== RECORDS SUPPLIED
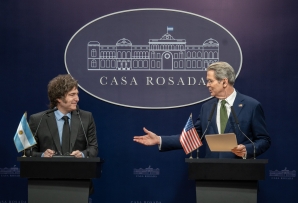 Argentine President Javier Milei and U.S. Treasury Secretary Scott Bessent. (Bessent's X Account)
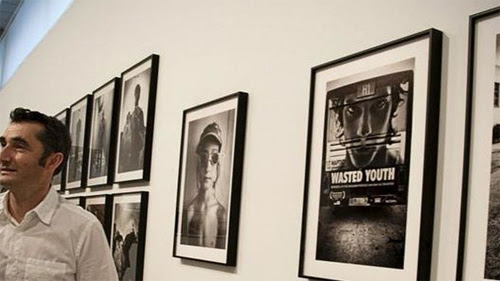 ernesto-valverde-nhin-bong-da-qua-lang-kinh-nhiep-anh-1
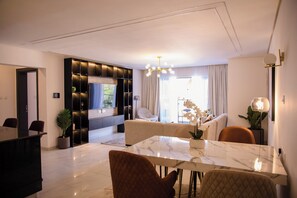 Apartment, Balcony, City View | In-room dining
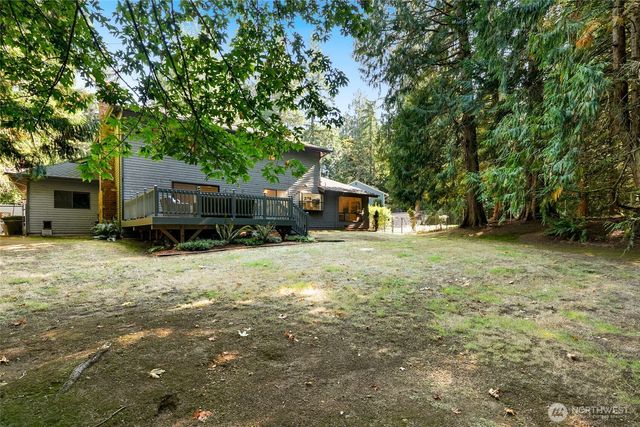 6833 207th Avenue NE, Redmond, WA 98052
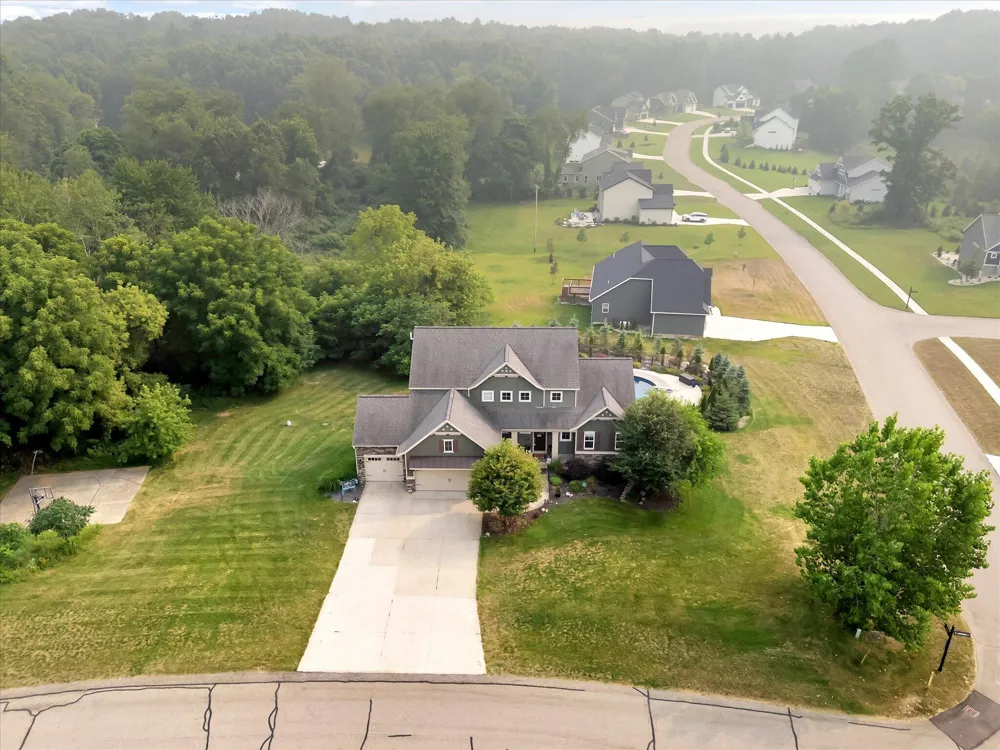 8911 Hopewell Drive NE Algoma Township, MI 49341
====
* WORK TO BE COMPLETED:
The line that contains "6833 207th Avenue NE, Redmond, WA 98052" begins the part to retype, and the last line of the records above ends it. Retype both and everything between, exactly, without the pictures.

* COMPLETED EXERCISE:
 6833 207th Avenue NE, Redmond, WA 98052
 8911 Hopewell Drive NE Algoma Township, MI 49341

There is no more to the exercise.